# How delightful and admirable is this?!



## BalloinMaschera (Apr 4, 2011)

http://www.miniature-opera.com/

I love it!


----------



## FragendeFrau (May 30, 2011)

That is really amazing! Thanks for sharing this--what a labor of love.


----------



## kv466 (May 18, 2011)

Simply lovely.


----------



## GoneBaroque (Jun 16, 2011)

An amazing concept brilliantly executed.


----------



## sospiro (Apr 3, 2010)

Beautiful - thank you!

Nat - our _Les Troyens_ seats are visible but you'd need to about turn 180º & use a telescope to see Mr & Mrs A's.


----------



## Almaviva (Aug 13, 2010)

sospiro said:


> Beautiful - thank you!
> 
> Nat - our _Les Troyens_ seats are visible but you'd need to about turn 180º & use a telescope to see Mr & Mrs A's.

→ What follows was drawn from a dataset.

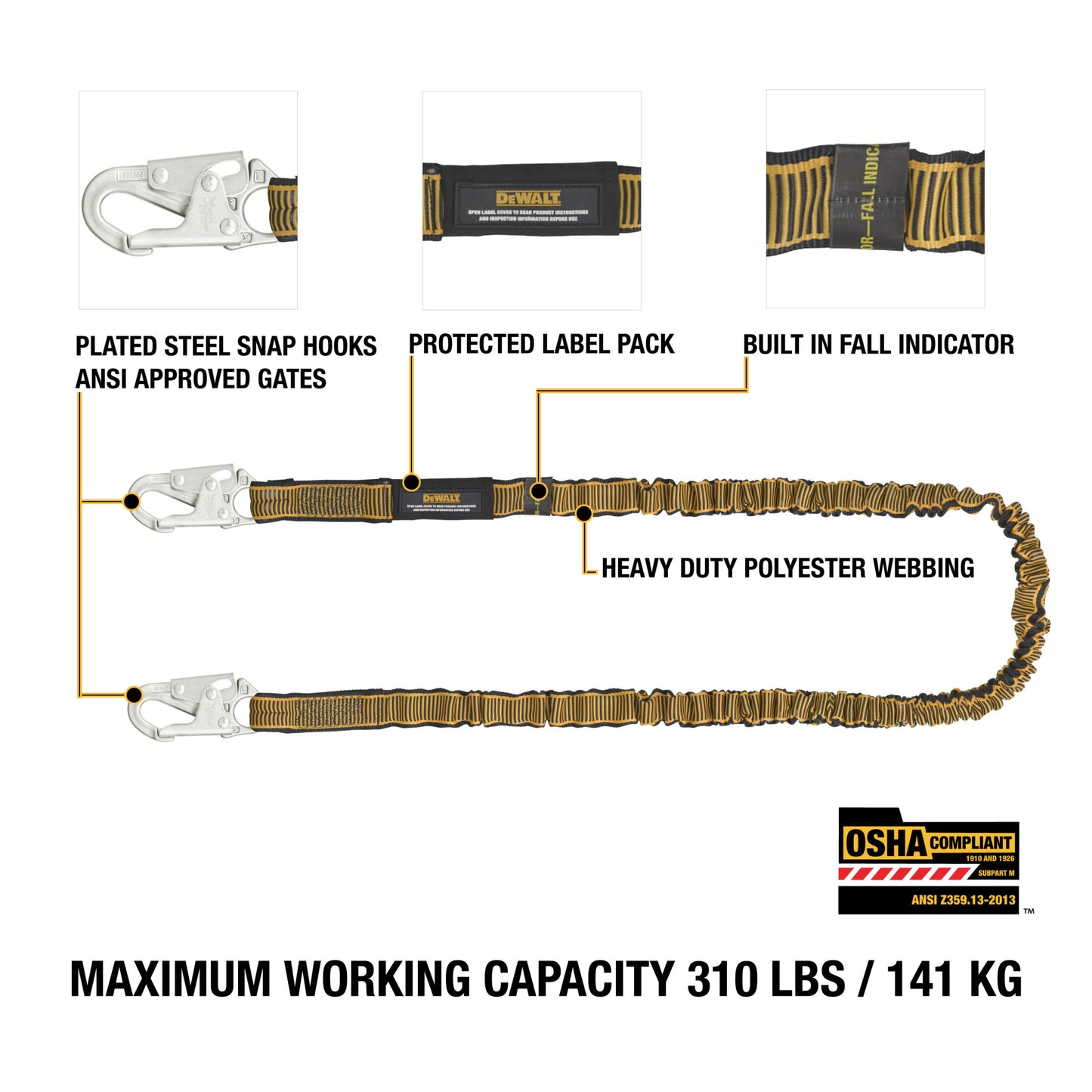 DXFP612111 DEWALT 6 ft. (1.8 m) SINGLE LEG LANYARD Internal Absorber, with Steel Snap hooks on both ends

Whaat? We're not getting good seats? [Alma cries]. Look, I'll abandon the wet fish idea. Will you then upgrade our seats?:angel:


----------



## sospiro (Apr 3, 2010)

Almaviva said:


> Whaat? We're not getting good seats? [Alma cries]. Look, I'll abandon the wet fish idea. Will you then upgrade our seats?:angel:


:devil:

Just keeping you on your toes & reminding you of your promise to leave the roll mops at home

Not on sale yet


----------